> What is being asked:
Up through the line that contains "Sydney Royal Easter Show", retype the entries exactly, beginning at the very first line.

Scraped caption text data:
****************************************

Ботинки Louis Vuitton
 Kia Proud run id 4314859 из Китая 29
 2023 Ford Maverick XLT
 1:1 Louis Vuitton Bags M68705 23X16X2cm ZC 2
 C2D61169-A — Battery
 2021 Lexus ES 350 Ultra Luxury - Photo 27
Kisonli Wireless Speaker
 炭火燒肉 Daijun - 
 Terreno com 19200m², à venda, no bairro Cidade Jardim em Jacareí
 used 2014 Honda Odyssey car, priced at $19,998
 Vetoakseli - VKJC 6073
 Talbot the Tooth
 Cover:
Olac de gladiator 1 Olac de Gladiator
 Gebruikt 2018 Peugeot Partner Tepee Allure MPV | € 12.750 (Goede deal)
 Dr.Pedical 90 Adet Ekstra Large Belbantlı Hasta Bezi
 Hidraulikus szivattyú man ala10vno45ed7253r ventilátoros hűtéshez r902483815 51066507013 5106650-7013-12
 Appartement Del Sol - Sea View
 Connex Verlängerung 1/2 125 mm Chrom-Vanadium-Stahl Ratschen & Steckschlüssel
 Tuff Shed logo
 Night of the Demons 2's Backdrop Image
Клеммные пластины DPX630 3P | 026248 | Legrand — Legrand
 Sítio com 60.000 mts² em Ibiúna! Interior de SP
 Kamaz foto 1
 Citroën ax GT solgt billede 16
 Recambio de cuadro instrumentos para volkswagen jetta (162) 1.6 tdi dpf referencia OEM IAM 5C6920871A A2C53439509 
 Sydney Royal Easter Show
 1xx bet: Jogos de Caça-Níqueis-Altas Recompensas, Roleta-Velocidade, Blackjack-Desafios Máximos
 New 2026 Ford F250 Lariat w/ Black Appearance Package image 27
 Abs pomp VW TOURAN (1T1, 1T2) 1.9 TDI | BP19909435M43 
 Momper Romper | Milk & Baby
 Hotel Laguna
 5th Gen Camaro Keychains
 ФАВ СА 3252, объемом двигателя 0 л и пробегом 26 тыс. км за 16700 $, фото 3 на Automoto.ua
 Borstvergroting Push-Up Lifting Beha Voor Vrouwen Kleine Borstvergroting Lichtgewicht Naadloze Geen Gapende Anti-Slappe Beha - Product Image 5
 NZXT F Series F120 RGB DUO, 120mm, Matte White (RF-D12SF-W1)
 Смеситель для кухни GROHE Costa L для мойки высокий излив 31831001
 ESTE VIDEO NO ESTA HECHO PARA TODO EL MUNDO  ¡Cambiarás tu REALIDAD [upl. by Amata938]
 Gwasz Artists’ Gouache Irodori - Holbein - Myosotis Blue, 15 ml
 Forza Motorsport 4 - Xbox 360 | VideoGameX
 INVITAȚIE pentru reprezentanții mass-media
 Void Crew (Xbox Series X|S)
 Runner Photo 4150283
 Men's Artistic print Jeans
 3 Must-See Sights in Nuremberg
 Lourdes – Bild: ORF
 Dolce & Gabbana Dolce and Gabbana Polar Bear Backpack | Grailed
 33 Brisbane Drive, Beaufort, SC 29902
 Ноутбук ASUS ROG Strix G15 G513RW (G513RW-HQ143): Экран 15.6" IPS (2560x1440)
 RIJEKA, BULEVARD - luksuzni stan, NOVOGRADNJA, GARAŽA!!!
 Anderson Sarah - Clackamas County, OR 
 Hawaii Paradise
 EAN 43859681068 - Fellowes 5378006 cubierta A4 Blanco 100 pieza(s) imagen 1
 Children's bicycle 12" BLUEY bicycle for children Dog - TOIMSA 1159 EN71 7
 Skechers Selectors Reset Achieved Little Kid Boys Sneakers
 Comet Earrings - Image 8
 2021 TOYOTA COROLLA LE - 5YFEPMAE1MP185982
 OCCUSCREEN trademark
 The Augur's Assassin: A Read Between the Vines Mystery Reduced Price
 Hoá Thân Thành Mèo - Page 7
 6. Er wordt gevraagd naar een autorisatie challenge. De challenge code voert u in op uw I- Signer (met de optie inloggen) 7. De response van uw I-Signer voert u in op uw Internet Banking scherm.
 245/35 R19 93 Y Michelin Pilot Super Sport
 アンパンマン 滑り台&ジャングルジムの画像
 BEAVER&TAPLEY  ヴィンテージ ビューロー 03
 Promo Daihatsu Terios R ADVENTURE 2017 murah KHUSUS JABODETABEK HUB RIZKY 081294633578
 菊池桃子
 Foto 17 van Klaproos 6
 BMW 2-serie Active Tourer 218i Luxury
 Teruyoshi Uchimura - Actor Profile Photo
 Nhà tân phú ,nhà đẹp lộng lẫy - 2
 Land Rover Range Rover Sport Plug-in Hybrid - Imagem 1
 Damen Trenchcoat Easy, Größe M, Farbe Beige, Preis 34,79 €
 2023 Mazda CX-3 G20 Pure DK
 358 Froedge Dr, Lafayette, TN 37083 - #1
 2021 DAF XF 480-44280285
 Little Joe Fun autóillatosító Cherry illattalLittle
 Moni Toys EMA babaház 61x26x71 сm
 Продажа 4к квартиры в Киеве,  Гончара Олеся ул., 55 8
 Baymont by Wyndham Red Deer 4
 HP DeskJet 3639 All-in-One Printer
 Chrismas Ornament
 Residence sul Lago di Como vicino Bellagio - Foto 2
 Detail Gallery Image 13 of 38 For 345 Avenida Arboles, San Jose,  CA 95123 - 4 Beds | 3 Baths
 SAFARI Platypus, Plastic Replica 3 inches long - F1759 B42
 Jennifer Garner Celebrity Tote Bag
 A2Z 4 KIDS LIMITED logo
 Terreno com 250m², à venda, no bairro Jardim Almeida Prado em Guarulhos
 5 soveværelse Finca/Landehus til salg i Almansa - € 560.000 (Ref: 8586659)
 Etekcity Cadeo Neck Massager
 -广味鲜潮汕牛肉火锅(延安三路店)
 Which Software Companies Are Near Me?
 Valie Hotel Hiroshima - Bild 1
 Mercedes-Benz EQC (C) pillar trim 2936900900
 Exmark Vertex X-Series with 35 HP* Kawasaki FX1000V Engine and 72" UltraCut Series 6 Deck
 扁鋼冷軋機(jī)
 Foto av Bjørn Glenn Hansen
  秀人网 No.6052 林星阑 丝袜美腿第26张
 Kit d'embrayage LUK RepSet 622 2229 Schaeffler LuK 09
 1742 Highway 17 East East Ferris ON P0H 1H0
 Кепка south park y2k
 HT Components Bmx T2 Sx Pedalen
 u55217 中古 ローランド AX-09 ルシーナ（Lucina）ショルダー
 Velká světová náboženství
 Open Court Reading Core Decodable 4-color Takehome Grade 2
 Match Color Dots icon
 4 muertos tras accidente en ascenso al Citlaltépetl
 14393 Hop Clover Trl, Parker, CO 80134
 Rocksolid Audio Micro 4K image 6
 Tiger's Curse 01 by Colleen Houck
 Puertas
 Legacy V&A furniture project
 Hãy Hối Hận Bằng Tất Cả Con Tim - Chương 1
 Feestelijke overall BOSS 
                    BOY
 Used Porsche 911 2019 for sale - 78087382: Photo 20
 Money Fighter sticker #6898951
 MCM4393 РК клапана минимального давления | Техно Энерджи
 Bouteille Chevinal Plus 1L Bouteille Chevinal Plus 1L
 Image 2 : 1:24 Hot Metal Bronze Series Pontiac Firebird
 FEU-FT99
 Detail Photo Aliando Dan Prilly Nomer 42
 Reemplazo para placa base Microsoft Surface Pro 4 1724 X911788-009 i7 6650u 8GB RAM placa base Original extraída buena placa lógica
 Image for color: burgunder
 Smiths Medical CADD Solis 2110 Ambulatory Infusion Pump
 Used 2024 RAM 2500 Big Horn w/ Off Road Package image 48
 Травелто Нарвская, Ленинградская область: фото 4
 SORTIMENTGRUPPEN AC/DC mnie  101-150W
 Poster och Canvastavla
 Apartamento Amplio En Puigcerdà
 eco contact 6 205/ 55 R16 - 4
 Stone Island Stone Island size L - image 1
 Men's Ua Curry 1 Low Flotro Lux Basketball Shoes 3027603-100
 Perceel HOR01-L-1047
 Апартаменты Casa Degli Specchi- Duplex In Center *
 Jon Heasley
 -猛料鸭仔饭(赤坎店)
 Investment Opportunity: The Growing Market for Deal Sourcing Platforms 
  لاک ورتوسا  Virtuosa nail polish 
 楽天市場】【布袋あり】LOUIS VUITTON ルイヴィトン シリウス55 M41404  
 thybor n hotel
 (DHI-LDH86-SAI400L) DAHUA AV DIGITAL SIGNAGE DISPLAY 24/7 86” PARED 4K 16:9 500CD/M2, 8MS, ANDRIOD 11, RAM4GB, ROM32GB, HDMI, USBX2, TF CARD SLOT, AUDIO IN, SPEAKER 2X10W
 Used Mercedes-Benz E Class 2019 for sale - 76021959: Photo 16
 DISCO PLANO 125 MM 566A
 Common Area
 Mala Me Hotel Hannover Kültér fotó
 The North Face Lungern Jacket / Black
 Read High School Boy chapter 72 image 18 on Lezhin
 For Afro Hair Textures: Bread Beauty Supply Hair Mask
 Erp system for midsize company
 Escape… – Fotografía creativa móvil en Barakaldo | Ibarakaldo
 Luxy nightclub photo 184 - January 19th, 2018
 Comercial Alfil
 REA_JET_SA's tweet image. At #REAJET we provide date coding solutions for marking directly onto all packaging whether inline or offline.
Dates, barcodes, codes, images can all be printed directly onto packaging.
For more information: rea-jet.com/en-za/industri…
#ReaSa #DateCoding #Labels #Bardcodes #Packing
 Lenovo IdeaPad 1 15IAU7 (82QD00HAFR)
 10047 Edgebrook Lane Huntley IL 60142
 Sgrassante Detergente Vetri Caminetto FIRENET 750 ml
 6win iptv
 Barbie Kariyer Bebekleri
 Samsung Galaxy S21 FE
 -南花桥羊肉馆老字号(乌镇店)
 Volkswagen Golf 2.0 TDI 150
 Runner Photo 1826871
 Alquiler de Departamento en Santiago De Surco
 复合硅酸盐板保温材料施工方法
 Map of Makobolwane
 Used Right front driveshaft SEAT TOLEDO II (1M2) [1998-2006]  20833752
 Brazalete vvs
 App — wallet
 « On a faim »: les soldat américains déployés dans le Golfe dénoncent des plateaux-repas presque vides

****************************************

> Answer to the exercise:
Ботинки Louis Vuitton
 Kia Proud run id 4314859 из Китая 29
 2023 Ford Maverick XLT
 1:1 Louis Vuitton Bags M68705 23X16X2cm ZC 2
 C2D61169-A — Battery
 2021 Lexus ES 350 Ultra Luxury - Photo 27
Kisonli Wireless Speaker
 炭火燒肉 Daijun - 
 Terreno com 19200m², à venda, no bairro Cidade Jardim em Jacareí
 used 2014 Honda Odyssey car, priced at $19,998
 Vetoakseli - VKJC 6073
 Talbot the Tooth
 Cover:
Olac de gladiator 1 Olac de Gladiator
 Gebruikt 2018 Peugeot Partner Tepee Allure MPV | € 12.750 (Goede deal)
 Dr.Pedical 90 Adet Ekstra Large Belbantlı Hasta Bezi
 Hidraulikus szivattyú man ala10vno45ed7253r ventilátoros hűtéshez r902483815 51066507013 5106650-7013-12
 Appartement Del Sol - Sea View
 Connex Verlängerung 1/2 125 mm Chrom-Vanadium-Stahl Ratschen & Steckschlüssel
 Tuff Shed logo
 Night of the Demons 2's Backdrop Image
Клеммные пластины DPX630 3P | 026248 | Legrand — Legrand
 Sítio com 60.000 mts² em Ibiúna! Interior de SP
 Kamaz foto 1
 Citroën ax GT solgt billede 16
 Recambio de cuadro instrumentos para volkswagen jetta (162) 1.6 tdi dpf referencia OEM IAM 5C6920871A A2C53439509 
 Sydney Royal Easter Show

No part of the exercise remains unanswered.